Guarantors will be released from their obligations under a lease if changes are made to the lease without their consent which have the "potential" to increase the burden on the guarantor.
The Court of Appeal has upheld* last year's ruling of the High Court against the landlord of a former DIY store, which I mentioned in June.
In this case the tenant company went into administration and was subsequently dissolved.
The landlord tried to make the tenant's parent company, which had guaranteed the lease, pay the outstanding rent and take up a new lease.
However, because the guarantor had not been joined as a party to a licence for alterations the tenant had entered into 15 years previously, it was released from its liability.

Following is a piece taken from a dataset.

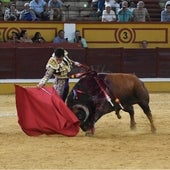 Triunfo de Leo Valadez ante un desigual encierro de Zalduendo en Badajoz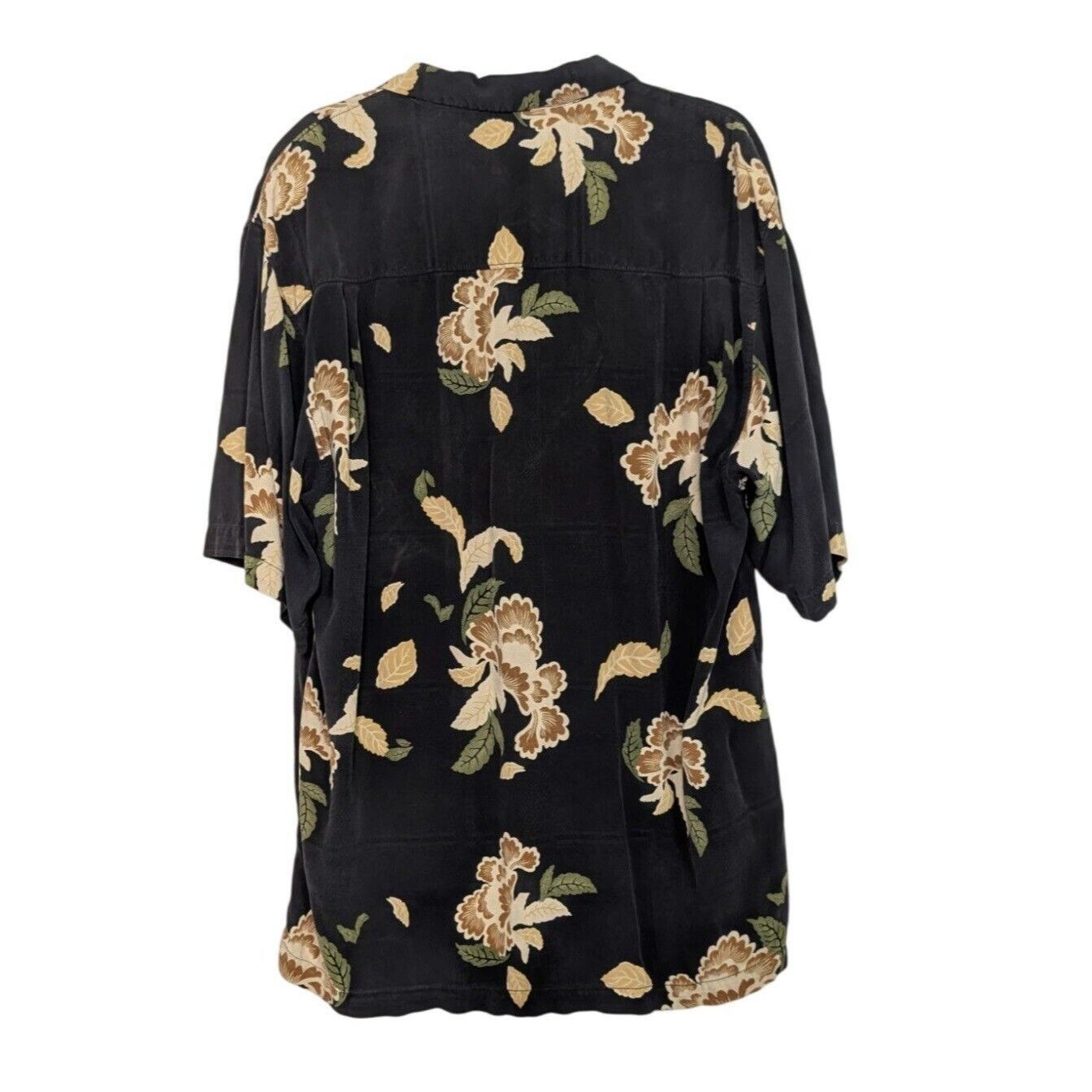 Tommy Bahama Tommy Bahama Floral Shirt Mens Size Medium Black Silk Hawaii Size US M / EU 48-50 / 2 - 8 Thumbnail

This is because the licence had varied the lease, which had originally prohibited alterations altogether.
Once the works had been carried out pursuant to the licence, the tenant's obligations, and therefore those of the guarantor too, had become more onerous because the tenant's covenants (repair, cleaning, yielding up) now applied to the extended and altered premises.
Because the guarantor had not entered into the licence for alterations consenting to the works, it was released under common law from all liability under the lease.
There's nothing new in this - but it shows why in more modern leases there are usually provisions designed to make sure the guarantor will not be released by any variations made to the lease, even if they are made without the guarantor's consent.
It's important therefore to check your lease guarantees.
Whatever they may say however, it's also wise to join in the guarantor to all supplemental licences, deeds and variations.